4. Mendesak Presiden, KSP (Kantor Staff Presiden), Kementerian Agama, Kementerian Dalam Negeri, PJ Gubernur Jawa Barat dan KAPOLRI untuk segera turun tangan mengatasi dan menindak tegas perangkat pemerintah yang melakukan penolakan terhadap kegiatan Jalsah Salanah.

5. Mengecam tindakan pelarangan Kegiatan Jalsah Salanah yang dilakukan oleh Pemda Kab. Kuningan, Forkopimda Kab. Kuningan, Polres Kuningan dan DPRD Kab. Kuningan yang secara langsung melawan amanat Konstitusi Negara dimana Negara menjamin kebebasan beragama bagi warga Indonesia.

6. Memberikan rekomendasi evaluatif terhadap perangkat negara diantaranya Pemda Kab. Kuningan, Forkopimda Kab. Kuningan, Polresta Kuningan dan DPRD Kab.

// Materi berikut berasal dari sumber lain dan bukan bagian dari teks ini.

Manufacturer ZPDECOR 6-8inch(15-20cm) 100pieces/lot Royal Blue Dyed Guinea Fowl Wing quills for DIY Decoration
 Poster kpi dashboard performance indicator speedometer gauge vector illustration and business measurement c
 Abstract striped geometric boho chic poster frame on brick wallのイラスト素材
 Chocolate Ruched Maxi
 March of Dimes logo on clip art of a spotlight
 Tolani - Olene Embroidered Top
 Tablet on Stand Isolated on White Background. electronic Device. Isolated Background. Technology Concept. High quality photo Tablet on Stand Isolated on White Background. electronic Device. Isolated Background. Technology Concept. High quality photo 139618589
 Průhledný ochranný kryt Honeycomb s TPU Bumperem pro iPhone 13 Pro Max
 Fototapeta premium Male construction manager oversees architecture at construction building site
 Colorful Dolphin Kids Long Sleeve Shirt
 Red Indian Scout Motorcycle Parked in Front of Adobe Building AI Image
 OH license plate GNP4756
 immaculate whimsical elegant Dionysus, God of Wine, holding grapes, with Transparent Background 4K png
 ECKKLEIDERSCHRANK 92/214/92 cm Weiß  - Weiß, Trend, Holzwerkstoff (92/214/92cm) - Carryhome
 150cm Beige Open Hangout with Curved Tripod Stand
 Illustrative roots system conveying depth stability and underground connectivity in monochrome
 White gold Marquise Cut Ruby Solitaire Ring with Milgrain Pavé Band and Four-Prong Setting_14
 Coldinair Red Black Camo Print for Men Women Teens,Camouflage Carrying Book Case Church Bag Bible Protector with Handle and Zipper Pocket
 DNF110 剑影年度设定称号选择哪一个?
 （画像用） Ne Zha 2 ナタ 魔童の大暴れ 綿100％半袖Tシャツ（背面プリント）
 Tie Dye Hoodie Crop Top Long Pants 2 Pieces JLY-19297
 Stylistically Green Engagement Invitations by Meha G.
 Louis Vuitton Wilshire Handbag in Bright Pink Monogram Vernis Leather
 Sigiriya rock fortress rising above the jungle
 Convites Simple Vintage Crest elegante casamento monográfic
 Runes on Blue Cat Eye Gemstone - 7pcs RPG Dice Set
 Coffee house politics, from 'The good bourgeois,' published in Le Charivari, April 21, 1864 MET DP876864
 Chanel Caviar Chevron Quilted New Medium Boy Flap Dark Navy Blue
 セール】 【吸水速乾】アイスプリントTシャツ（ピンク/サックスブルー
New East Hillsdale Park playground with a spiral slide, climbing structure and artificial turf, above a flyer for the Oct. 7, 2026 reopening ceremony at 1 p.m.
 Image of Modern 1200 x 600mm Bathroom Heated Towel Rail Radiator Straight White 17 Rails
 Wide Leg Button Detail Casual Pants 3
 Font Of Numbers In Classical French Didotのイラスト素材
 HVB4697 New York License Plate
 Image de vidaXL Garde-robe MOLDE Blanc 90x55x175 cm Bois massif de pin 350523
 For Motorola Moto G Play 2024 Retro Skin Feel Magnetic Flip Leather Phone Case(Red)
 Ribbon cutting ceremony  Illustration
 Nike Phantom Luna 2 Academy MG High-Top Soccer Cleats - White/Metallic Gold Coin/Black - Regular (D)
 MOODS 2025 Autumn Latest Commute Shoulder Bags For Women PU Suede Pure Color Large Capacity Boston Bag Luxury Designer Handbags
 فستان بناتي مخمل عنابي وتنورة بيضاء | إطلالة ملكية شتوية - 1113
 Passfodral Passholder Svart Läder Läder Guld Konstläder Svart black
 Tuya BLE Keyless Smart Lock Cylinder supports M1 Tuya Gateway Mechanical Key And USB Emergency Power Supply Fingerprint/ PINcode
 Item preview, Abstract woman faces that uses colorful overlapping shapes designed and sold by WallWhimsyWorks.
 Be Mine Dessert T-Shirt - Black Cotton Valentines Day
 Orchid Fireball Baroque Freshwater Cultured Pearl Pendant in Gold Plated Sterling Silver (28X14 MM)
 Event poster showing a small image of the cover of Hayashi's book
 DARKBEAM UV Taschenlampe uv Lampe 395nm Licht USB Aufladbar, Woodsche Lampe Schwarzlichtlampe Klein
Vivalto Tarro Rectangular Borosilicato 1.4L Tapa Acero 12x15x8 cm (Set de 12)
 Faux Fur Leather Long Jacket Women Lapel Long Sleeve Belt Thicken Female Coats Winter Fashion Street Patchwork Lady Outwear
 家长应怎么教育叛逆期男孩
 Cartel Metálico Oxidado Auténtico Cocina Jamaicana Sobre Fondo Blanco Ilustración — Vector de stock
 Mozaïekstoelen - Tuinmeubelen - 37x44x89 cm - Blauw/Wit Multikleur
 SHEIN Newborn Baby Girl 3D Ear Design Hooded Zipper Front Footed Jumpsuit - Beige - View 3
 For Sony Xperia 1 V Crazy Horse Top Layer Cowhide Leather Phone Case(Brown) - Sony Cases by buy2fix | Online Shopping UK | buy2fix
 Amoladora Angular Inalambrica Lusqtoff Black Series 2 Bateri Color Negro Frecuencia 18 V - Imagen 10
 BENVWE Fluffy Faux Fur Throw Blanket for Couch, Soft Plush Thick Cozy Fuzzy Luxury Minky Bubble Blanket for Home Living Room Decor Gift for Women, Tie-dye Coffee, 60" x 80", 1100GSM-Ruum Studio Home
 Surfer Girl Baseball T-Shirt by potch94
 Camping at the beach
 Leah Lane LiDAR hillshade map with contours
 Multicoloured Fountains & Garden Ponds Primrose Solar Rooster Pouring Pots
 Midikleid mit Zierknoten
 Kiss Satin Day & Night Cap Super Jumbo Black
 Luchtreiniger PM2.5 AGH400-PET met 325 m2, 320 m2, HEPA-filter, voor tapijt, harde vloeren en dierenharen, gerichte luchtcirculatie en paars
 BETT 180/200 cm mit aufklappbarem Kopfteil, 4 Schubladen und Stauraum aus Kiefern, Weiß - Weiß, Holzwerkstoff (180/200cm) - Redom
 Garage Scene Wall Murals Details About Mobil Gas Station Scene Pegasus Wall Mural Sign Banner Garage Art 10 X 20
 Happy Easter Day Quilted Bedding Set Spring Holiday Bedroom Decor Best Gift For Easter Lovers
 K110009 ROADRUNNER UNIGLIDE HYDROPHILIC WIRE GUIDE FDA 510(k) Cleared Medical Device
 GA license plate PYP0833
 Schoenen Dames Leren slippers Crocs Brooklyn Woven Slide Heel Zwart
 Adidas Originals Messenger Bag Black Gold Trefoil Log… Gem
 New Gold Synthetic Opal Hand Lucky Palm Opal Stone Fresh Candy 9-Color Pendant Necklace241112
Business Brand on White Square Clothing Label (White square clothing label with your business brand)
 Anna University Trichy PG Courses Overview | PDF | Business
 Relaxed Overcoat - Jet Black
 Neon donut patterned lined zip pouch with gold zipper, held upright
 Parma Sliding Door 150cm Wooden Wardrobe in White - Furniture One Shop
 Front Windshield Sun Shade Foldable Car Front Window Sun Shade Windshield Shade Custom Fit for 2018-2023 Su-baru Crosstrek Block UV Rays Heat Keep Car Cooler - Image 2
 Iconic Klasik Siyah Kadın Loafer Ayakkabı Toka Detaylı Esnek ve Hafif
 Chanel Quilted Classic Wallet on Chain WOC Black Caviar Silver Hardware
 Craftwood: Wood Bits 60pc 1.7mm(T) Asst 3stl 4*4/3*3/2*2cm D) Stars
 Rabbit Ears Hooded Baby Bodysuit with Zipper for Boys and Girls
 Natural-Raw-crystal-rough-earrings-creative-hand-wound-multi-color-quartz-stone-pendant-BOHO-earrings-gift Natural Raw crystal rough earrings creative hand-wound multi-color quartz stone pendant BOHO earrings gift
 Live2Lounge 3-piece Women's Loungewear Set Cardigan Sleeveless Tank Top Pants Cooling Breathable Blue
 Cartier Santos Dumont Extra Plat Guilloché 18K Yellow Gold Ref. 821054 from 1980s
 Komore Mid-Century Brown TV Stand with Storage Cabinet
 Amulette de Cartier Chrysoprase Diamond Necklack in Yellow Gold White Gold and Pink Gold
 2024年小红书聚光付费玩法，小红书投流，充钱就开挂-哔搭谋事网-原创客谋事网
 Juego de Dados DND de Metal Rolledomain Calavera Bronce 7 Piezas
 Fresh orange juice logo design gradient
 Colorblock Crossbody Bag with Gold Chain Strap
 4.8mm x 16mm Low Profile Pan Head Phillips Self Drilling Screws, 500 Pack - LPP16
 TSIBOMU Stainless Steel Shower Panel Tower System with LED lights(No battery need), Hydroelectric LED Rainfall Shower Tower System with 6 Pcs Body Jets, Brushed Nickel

Kuningan yang secara langsung melawan amanat Konstitusi Negara dimana Negara menjamin kebebasan beragama bagi warga Indonesia, yang telah berperan aktif melakukan Pelanggaran HAM dan tidak melaksanakan pemberian perlindungan dan jaminan atas pemenuhan Hak Asasi Warga Ahmadiyah.